[What is being asked] Given the records below, the lines starting at the line with "Here I have" and ending at the line with "Of course, with" should be output exactly, both end lines kept and pictures left out.

[Data excerpts]
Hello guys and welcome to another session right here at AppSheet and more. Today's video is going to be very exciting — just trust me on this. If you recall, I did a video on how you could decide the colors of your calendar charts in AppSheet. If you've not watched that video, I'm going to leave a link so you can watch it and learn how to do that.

* * *

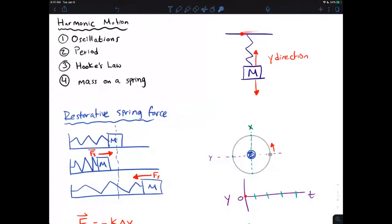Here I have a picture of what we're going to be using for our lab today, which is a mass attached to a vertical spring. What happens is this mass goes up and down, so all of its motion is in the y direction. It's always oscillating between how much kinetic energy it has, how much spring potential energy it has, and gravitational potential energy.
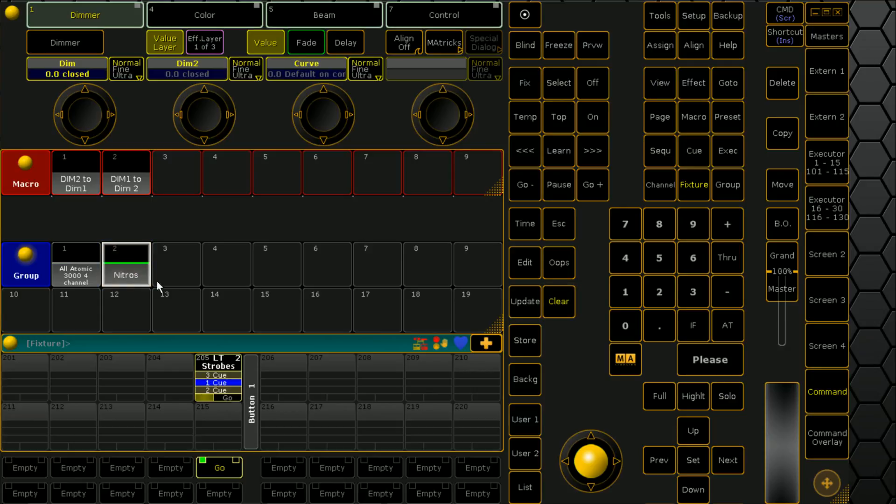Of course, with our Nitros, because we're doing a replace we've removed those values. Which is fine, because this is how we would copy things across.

[Answer below]
Here I have a picture of what we're going to be using for our lab today, which is a mass attached to a vertical spring. What happens is this mass goes up and down, so all of its motion is in the y direction. It's always oscillating between how much kinetic energy it has, how much spring potential energy it has, and gravitational potential energy.
Of course, with our Nitros, because we're doing a replace we've removed those values. Which is fine, because this is how we would copy things across.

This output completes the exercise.